Question 2 asked how much variation there is about the average – i.e., how much do the individual values vary about this average? This question is essentially asking what the standard deviation of the process is. The standard deviation measures how much the individual results vary about an average (see our August 2005 e-zine: Explaining the Standard Deviation).

To determine this, you can use the range values that are given in the table above. For each of the 5 bag weights, you determine the subgroup average. You can also calculate a range value for each subgroup. The range is simply the maximum value – minimum value. For the first subgroup, the range is

R = 50.9 – 49.6 = 1.3

This range value is a measure of the variation between individual values – the maximum and the minimum.

### The Range Over Time

You can plot the range values over time. The range values are shown in this figure. This chart shows the within subgroup variation and how that varies from subgroup to subgroup. You can enhance this chart by adding the average range (called Rbar) and the control limits.

In this example, the range only has an UCL. Again, since there are no patterns and no points beyond the control limits, the process just has common causes of variation present. It is consistent and predicable. This means the variation in the individual values about the average is the same over time.
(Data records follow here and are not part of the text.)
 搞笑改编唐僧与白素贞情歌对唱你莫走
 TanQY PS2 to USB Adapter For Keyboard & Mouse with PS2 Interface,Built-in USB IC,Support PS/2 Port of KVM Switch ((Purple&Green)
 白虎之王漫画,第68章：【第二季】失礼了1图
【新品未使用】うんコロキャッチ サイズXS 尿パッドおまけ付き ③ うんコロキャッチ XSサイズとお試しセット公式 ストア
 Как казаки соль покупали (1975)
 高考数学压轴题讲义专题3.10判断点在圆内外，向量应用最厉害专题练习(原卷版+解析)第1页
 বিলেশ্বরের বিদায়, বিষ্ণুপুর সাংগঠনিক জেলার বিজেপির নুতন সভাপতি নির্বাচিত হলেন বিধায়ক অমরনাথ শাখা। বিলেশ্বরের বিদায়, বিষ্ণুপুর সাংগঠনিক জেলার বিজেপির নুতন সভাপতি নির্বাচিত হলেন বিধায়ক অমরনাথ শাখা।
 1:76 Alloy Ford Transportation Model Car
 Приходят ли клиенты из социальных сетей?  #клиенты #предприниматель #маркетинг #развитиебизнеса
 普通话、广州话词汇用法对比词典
You can estimate the standard deviation from the average range using an equation that depends on the subgroup size (see our March 2005 e-zine on Xbar-R charts for more information). The standard deviation is 0.512 based on the average range. This is our estimate of the population standard deviation – the true variation in the individual values about the average. And since the process is in control, the standard deviation will stay the same over time as long as the process does not change and there are no special causes of variation.
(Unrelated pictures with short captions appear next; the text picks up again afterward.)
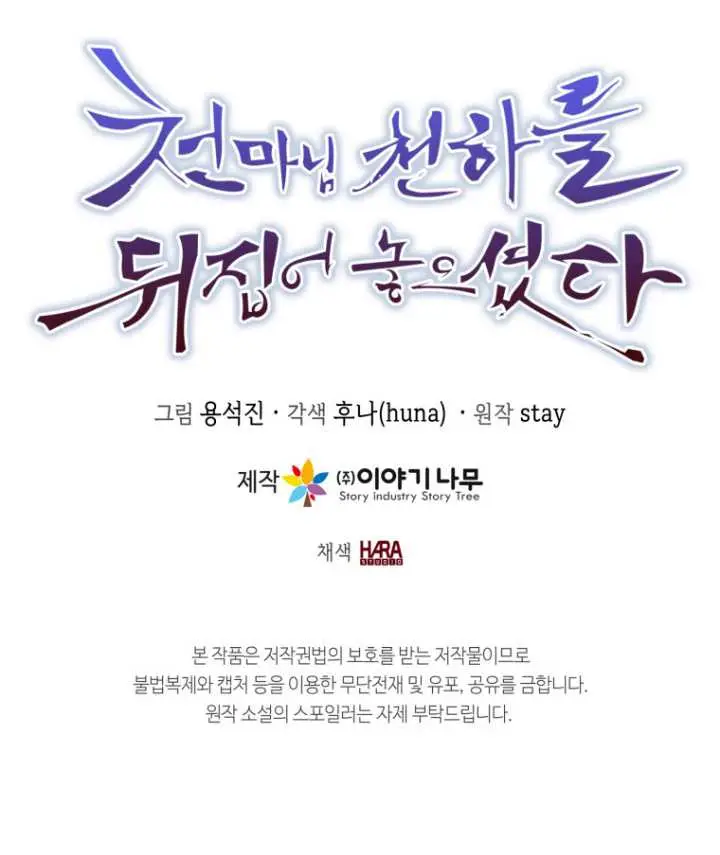 image-komik-the-heavenly-demon-will-turn-the-world-upside-down-chapter-46-24/26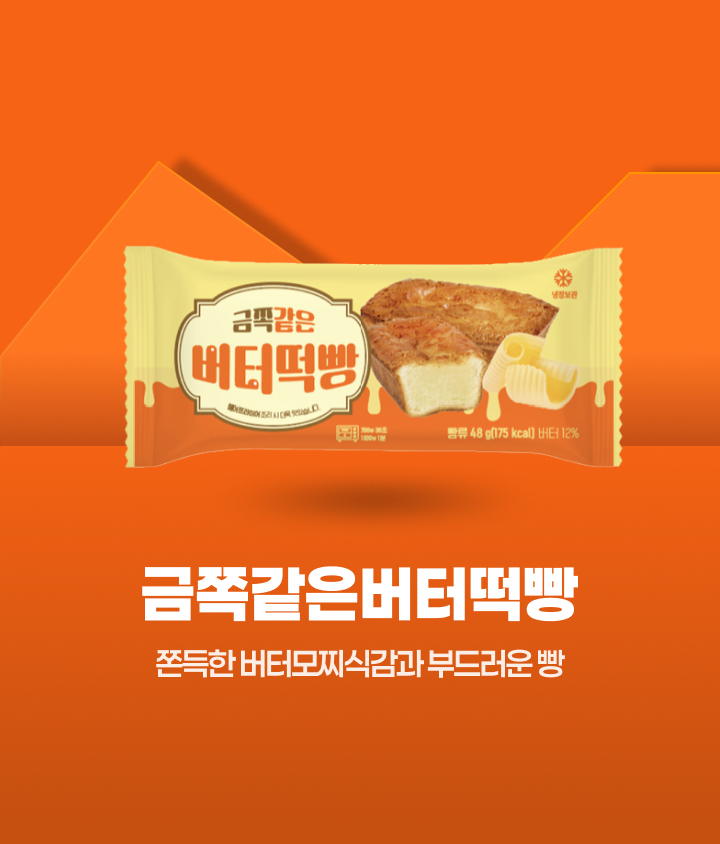 금쪽같은 버터떡빵을 추천!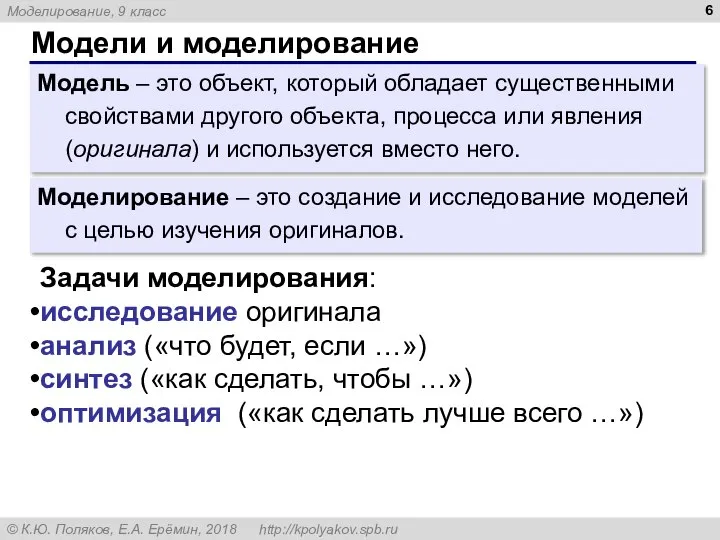 Модели и моделирование Модель – это объект, который обладает существенными свойствами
So, we have answered question 2 using the range chart. The variation in individual values is 0.512, the estimate of the population standard deviation. We have also answered the last part of question 4. This variation will not change as long as the process stays the same and there are no special causes introduced. **Remember, a standard deviation has no meaning unless the process is consistent and predictable (in control).**

### The Shape and Specs

And finally, questions 3 and 5 – what does the shape of the variation look like and how does it compare to specifications? The shape of the variation comes from the histogram (see our December 2005 and January 2006 e-zines on histograms). Comparing to specification is handled using a process capability analysis (see our three part e-zine starting October 2004). The histogram/process capability analysis for this data is shown in the figure. The process is capable of meeting specifications. And since it is in control, it will continue to do so over time until the process changes.
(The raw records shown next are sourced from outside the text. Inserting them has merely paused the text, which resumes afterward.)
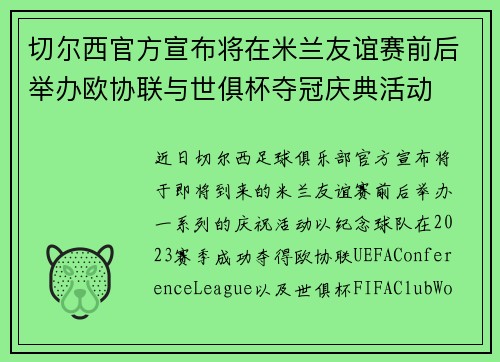 切尔西官方宣布将在米兰友谊赛前后举办欧协联与世俱杯夺冠庆典活动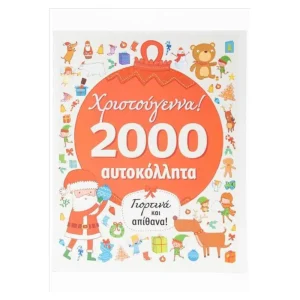 Σαββάλας Χριστούγεννα: 2.000 Αυτοκόλλητα - 34314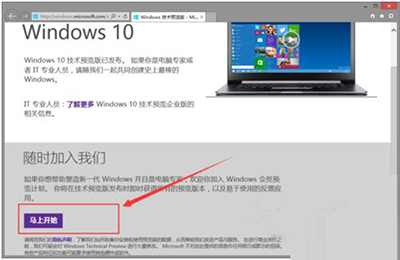 win10系统正式版在哪里下载？ 三联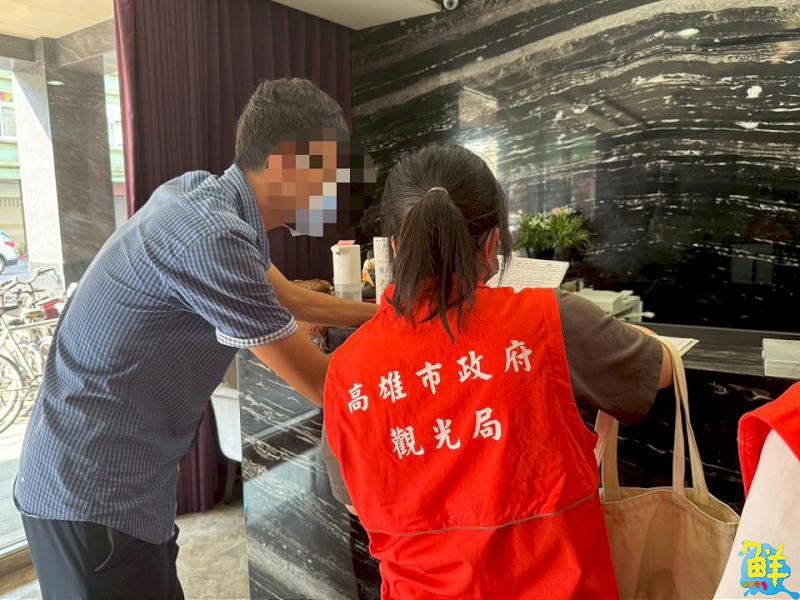 BLACKPINK開唱掀住宿潮 高市府觀光局取締惡意哄抬 守護友善旅遊環境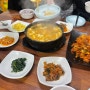 부평 산곡동 숨은 맛집 [ 전주분식 ] 청국장 제육볶음 백반 맛집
**And remember, like the average and the standard deviation, the histogram and value of Cpk have no meaning unless the process is consistent and predictable.**

This is why it is so important to understand control charts and statistical control.

### Example

The key point is that the statistics you see day in and day out must be interpreted in the context of the process that generated them. Was that process in control and stable? Or did it have special causes of variation present – flat tires? If it had special causes present, you will not get a similar result next time because you cannot predict what a process with special causes of variation will do in the future.

The chart shown above will produce the same average and the same calculated standard deviation as the first Xbar chart shown on bag weight. But doesn’t it tell a different story? So simple. Just plot the data over time and you will be amazed at what you learn.